INPUT
= Beginning of Section =
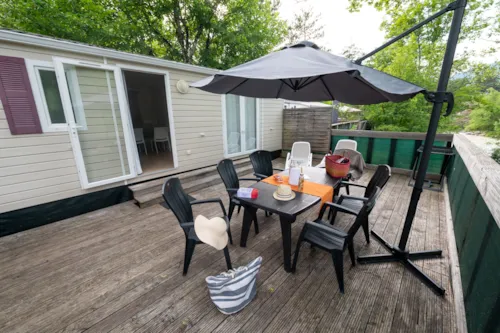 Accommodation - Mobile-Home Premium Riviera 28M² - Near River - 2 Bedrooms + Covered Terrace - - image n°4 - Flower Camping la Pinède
= End of Section =
= Beginning of Section =
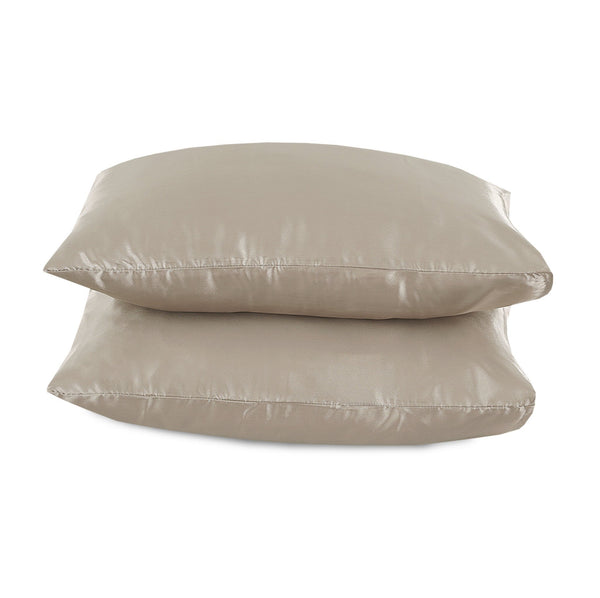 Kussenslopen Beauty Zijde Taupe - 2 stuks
= End of Section =
= Beginning of Section =
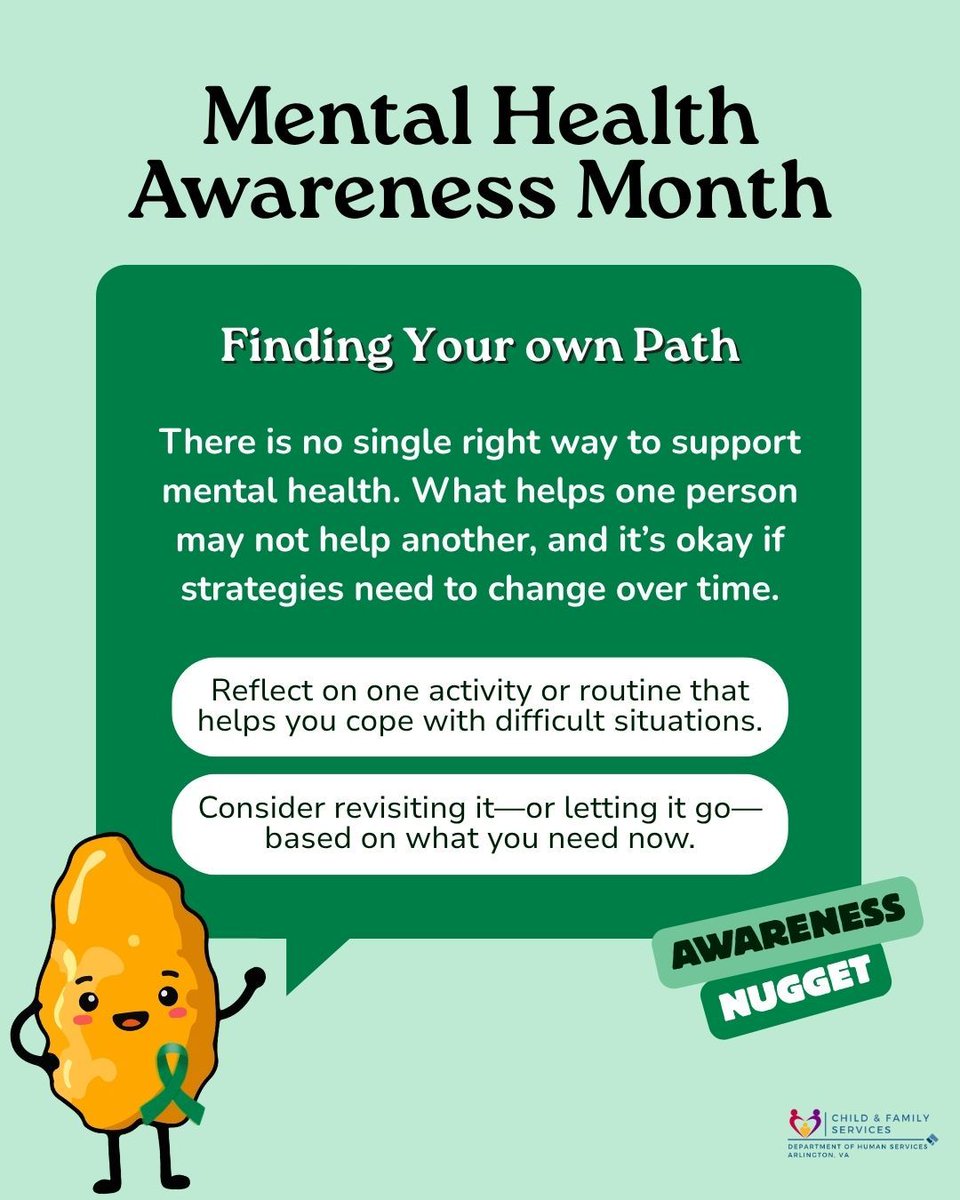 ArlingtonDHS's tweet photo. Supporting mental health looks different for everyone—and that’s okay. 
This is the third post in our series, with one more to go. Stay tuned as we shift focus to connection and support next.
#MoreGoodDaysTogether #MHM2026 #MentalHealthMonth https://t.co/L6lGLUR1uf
= End of Section =
EXERCISE PROMPT
The stretch above running from the line with "ArlingtonDHS's tweet photo." through the line with "#MoreGoodDaysTogether #MHM2026 #MentalHealthMonth" is all you should copy, exactly, leaving out the pictures.

OUTPUT BELOW
 ArlingtonDHS's tweet photo. Supporting mental health looks different for everyone—and that’s okay. 
This is the third post in our series, with one more to go. Stay tuned as we shift focus to connection and support next.
#MoreGoodDaysTogether #MHM2026 #MentalHealthMonth https://t.co/L6lGLUR1uf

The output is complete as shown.